## [What the task requires]
Send back the line that contains "Matriz Diagonal" and all lines following it through the end of the data below, exactly, omitting pictures.

Segment Start: Supplied material

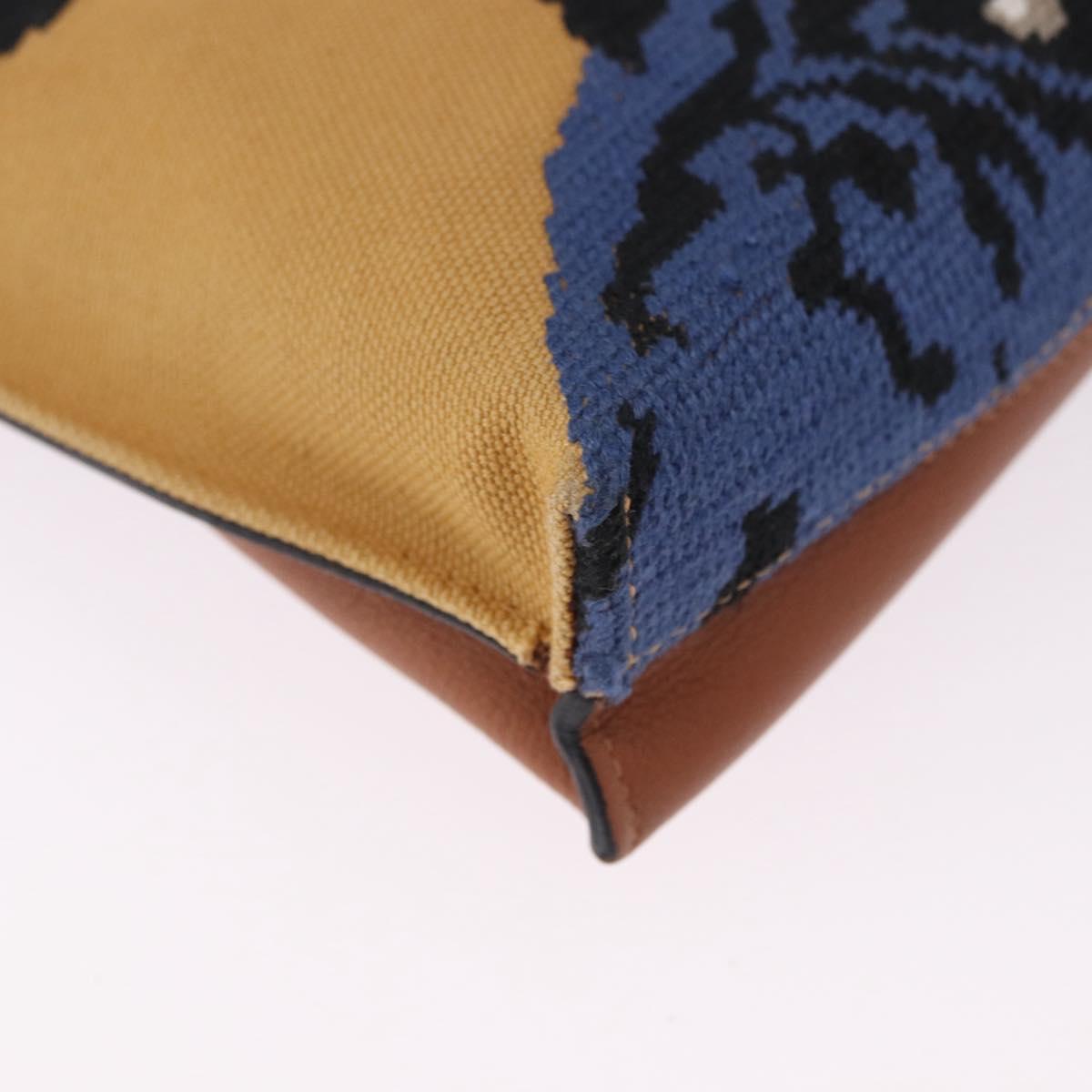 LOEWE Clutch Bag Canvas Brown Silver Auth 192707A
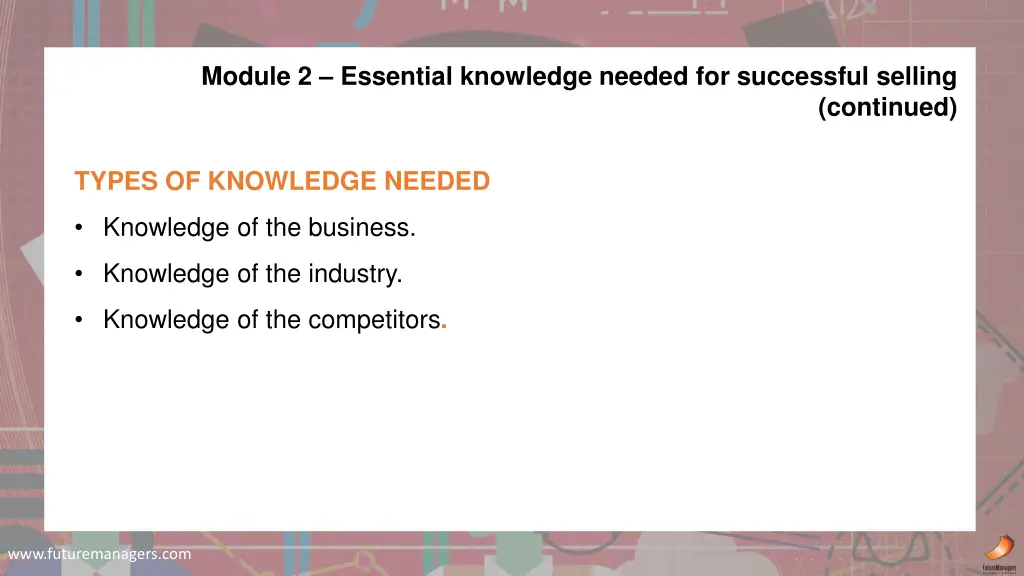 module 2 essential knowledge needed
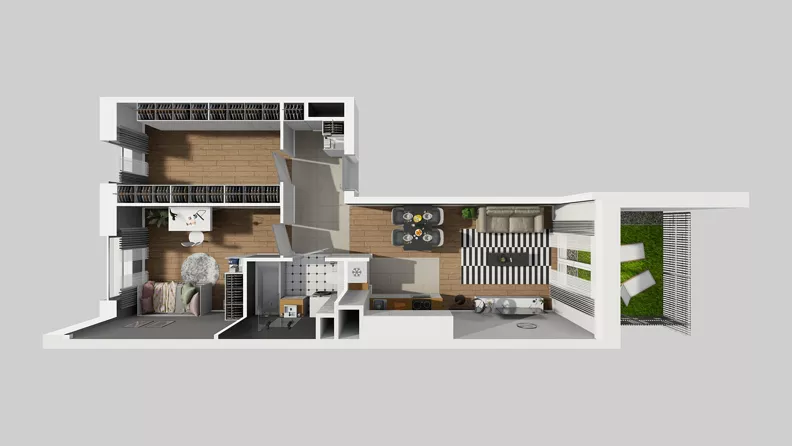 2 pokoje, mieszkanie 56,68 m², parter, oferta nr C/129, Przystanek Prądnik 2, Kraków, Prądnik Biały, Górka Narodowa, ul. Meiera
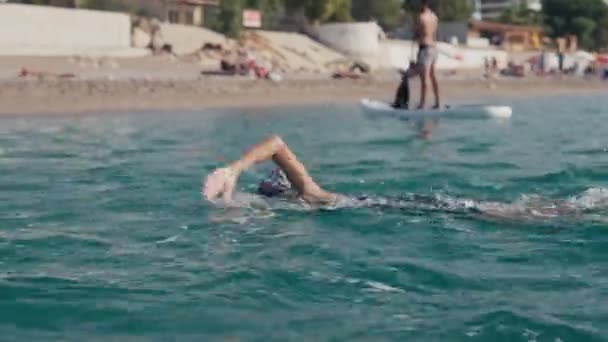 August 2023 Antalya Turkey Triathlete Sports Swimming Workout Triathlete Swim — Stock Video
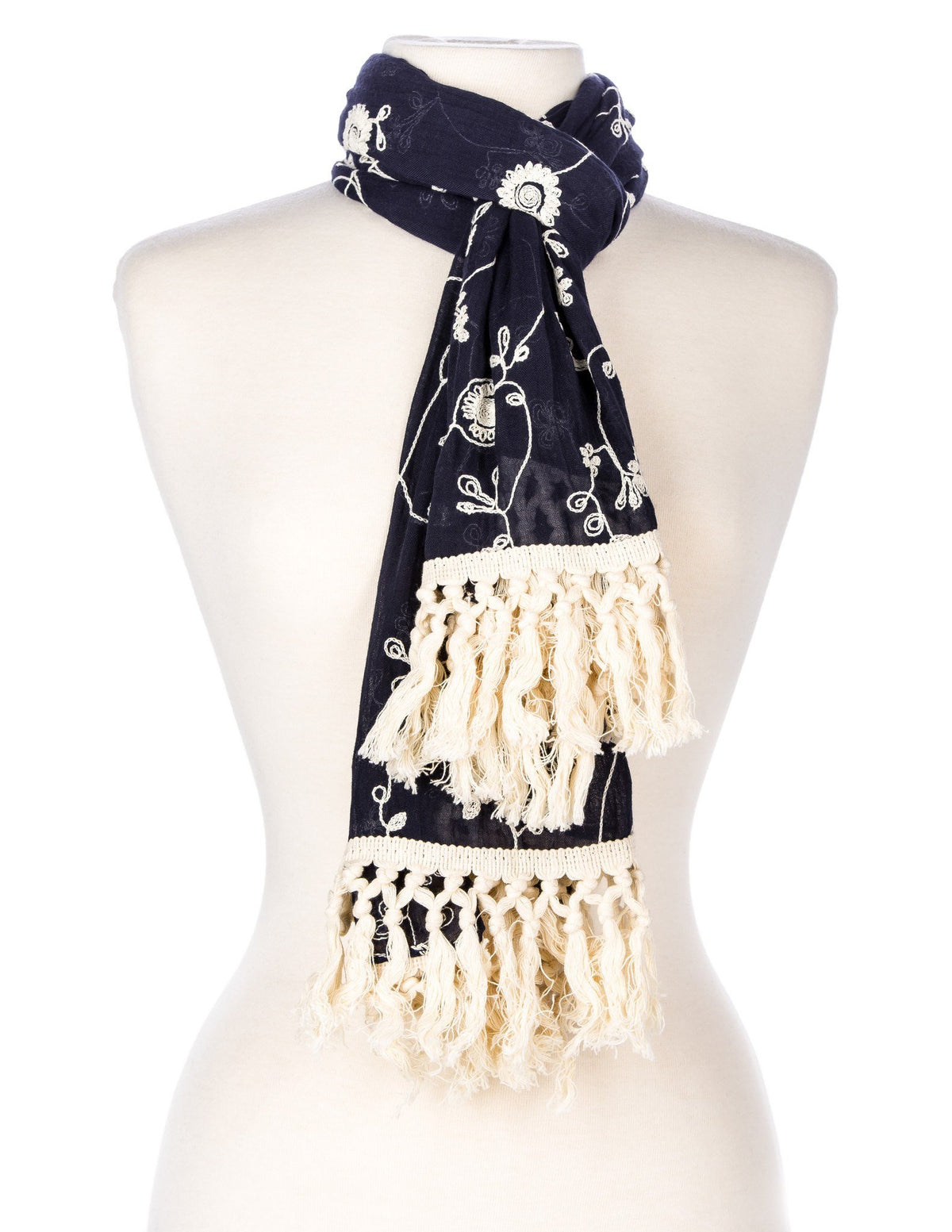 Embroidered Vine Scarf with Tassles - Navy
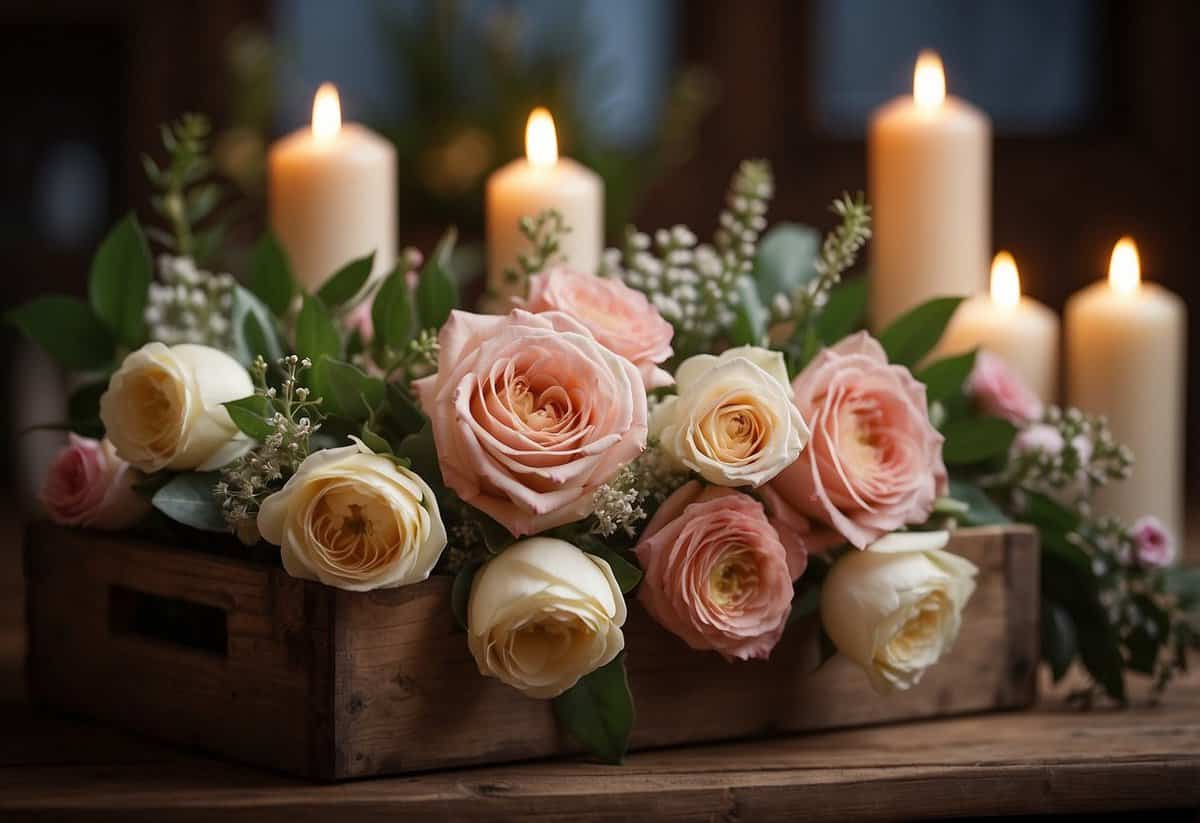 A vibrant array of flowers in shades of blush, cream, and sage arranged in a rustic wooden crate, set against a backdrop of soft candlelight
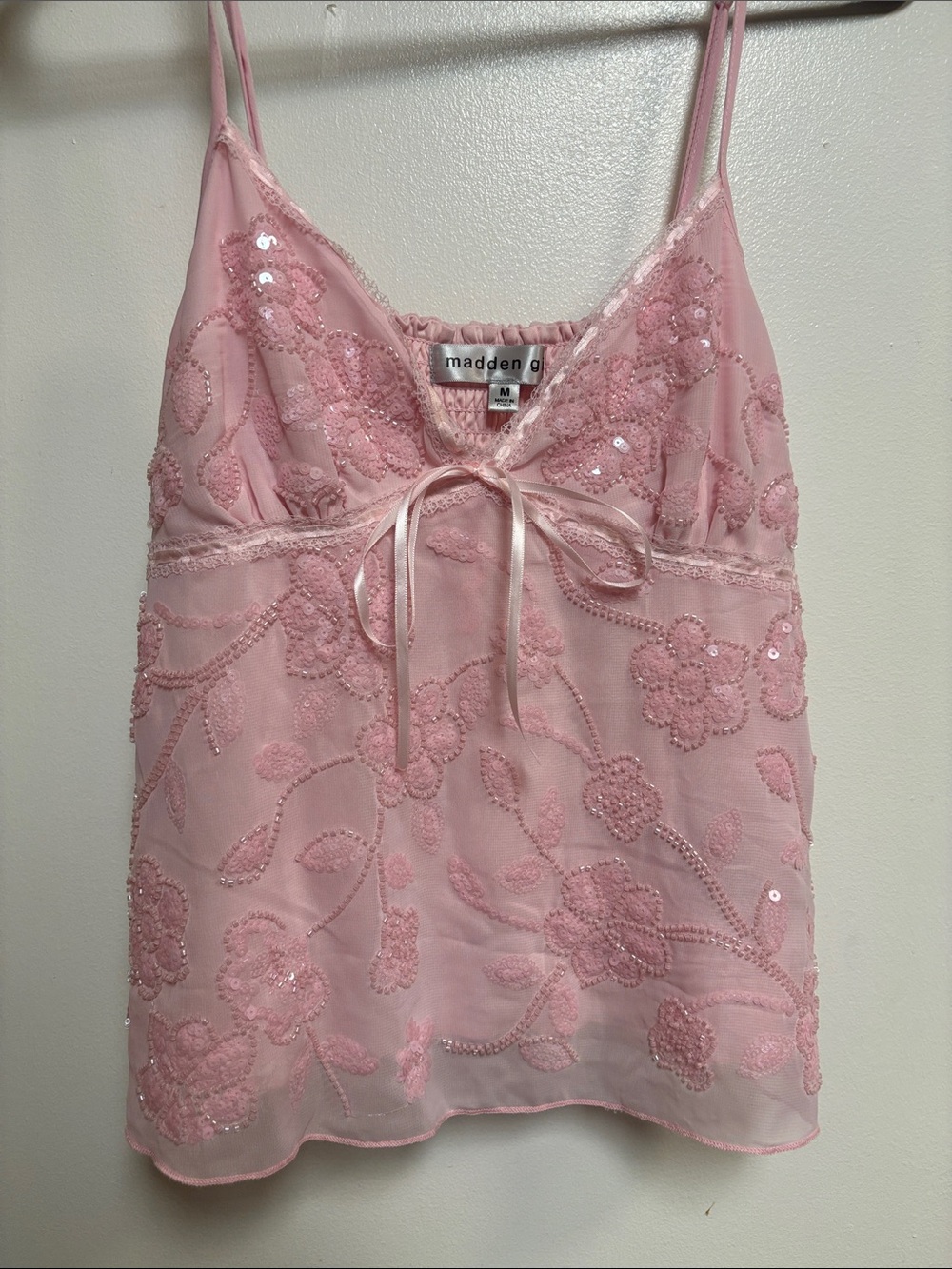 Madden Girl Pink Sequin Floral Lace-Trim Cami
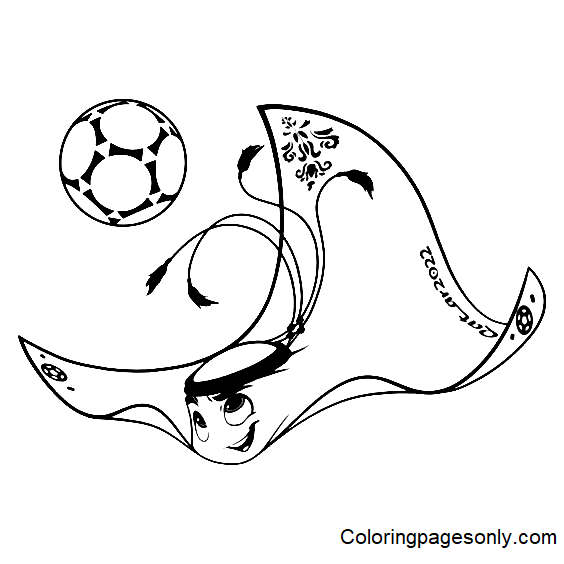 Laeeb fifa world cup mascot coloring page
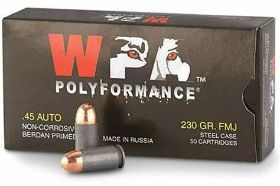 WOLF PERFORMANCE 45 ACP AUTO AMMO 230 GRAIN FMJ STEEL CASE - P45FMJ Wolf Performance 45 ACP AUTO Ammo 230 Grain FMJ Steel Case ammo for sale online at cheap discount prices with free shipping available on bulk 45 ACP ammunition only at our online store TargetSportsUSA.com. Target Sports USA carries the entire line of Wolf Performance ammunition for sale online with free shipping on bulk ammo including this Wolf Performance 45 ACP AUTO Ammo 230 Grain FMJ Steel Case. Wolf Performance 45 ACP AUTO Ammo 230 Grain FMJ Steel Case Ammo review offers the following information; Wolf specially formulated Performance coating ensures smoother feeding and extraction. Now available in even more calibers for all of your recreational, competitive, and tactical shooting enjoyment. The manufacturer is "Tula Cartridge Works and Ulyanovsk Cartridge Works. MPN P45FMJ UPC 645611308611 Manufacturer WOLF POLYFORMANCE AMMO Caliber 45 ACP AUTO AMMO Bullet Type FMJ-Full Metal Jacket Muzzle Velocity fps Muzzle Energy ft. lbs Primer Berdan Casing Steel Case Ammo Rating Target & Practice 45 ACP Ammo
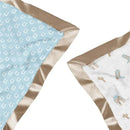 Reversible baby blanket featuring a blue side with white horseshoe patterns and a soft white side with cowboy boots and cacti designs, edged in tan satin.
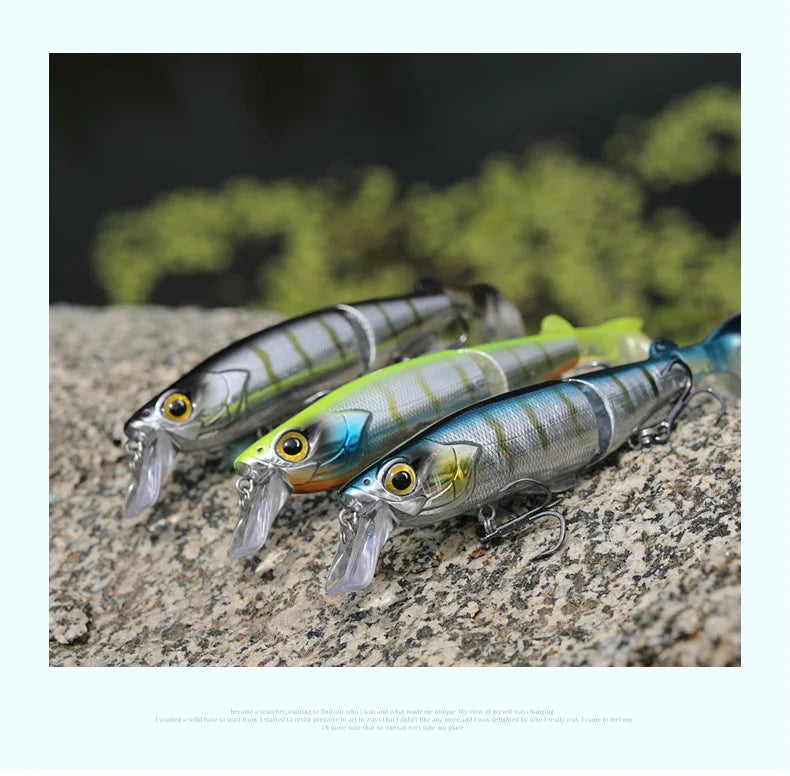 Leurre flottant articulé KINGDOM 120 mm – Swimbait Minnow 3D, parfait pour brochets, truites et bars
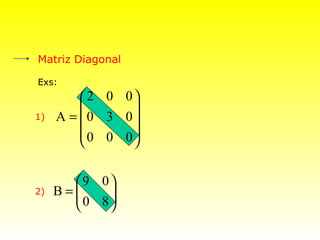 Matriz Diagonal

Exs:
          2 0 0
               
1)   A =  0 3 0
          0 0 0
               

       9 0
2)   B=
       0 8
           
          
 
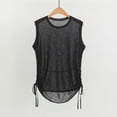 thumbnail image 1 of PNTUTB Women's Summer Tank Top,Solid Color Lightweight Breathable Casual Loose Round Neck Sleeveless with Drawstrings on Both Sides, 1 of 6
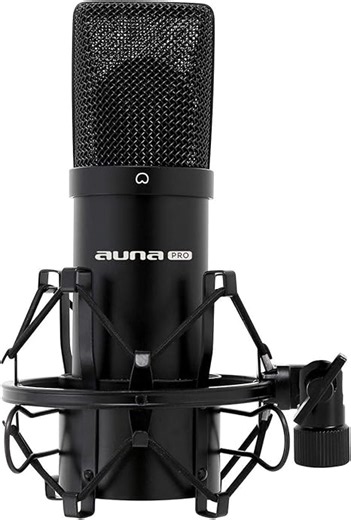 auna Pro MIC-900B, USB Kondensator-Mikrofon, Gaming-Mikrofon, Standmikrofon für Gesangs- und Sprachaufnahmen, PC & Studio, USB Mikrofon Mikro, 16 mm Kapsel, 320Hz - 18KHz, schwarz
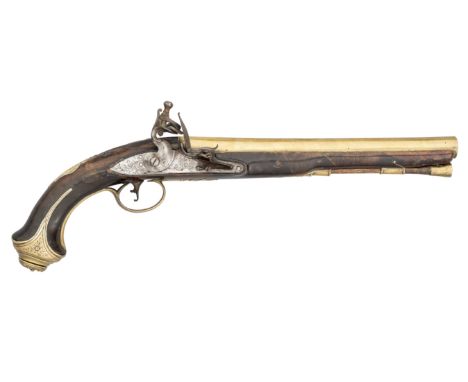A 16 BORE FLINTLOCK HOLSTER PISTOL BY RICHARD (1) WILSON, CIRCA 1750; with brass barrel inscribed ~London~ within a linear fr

Segment End: Supplied material

## [Solution for this task]
 Matriz Diagonal

Exs:
          2 0 0
               
1)   A =  0 3 0
          0 0 0
               

       9 0
2)   B=
       0 8
           
          
 
 thumbnail image 1 of PNTUTB Women's Summer Tank Top,Solid Color Lightweight Breathable Casual Loose Round Neck Sleeveless with Drawstrings on Both Sides, 1 of 6
 auna Pro MIC-900B, USB Kondensator-Mikrofon, Gaming-Mikrofon, Standmikrofon für Gesangs- und Sprachaufnahmen, PC & Studio, USB Mikrofon Mikro, 16 mm Kapsel, 320Hz - 18KHz, schwarz
A 16 BORE FLINTLOCK HOLSTER PISTOL BY RICHARD (1) WILSON, CIRCA 1750; with brass barrel inscribed ~London~ within a linear fr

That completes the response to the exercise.